Copy out, precisely as given, the lines from the line with "Capace oglinda tip" to the end of the entries that follow.

[Recorded data]
※ ※ ※
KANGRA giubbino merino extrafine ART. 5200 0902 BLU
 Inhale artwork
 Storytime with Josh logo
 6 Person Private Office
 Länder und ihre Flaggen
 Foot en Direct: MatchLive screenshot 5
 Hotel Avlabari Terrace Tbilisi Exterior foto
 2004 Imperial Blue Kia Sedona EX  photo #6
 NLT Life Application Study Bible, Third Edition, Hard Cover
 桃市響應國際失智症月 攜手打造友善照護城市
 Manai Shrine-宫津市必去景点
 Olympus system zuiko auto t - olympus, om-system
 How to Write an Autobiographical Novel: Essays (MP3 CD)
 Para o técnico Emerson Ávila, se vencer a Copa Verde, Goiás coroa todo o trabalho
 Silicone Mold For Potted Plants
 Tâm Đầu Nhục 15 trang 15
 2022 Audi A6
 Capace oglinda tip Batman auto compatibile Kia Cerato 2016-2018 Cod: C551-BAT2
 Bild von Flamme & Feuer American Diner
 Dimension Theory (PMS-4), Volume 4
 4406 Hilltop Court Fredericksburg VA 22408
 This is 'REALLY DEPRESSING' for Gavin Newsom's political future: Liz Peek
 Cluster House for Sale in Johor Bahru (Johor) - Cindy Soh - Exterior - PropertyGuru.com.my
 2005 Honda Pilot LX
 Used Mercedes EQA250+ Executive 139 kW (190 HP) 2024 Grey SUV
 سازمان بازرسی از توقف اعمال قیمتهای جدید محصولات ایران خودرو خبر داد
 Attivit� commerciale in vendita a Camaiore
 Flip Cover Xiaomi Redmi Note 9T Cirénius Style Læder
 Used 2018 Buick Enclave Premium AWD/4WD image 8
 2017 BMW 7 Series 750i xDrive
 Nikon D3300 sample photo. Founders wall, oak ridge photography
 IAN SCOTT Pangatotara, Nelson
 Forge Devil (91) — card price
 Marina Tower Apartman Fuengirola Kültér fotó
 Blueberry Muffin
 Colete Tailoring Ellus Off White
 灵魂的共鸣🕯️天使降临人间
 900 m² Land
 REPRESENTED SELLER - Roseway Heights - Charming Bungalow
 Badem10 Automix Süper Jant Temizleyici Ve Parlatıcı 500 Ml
※ ※ ※
Task result:
 Capace oglinda tip Batman auto compatibile Kia Cerato 2016-2018 Cod: C551-BAT2
 Bild von Flamme & Feuer American Diner
 Dimension Theory (PMS-4), Volume 4
 4406 Hilltop Court Fredericksburg VA 22408
 This is 'REALLY DEPRESSING' for Gavin Newsom's political future: Liz Peek
 Cluster House for Sale in Johor Bahru (Johor) - Cindy Soh - Exterior - PropertyGuru.com.my
 2005 Honda Pilot LX
 Used Mercedes EQA250+ Executive 139 kW (190 HP) 2024 Grey SUV
 سازمان بازرسی از توقف اعمال قیمتهای جدید محصولات ایران خودرو خبر داد
 Attivit� commerciale in vendita a Camaiore
 Flip Cover Xiaomi Redmi Note 9T Cirénius Style Læder
 Used 2018 Buick Enclave Premium AWD/4WD image 8
 2017 BMW 7 Series 750i xDrive
 Nikon D3300 sample photo. Founders wall, oak ridge photography
 IAN SCOTT Pangatotara, Nelson
 Forge Devil (91) — card price
 Marina Tower Apartman Fuengirola Kültér fotó
 Blueberry Muffin
 Colete Tailoring Ellus Off White
 灵魂的共鸣🕯️天使降临人间
 900 m² Land
 REPRESENTED SELLER - Roseway Heights - Charming Bungalow
 Badem10 Automix Süper Jant Temizleyici Ve Parlatıcı 500 Ml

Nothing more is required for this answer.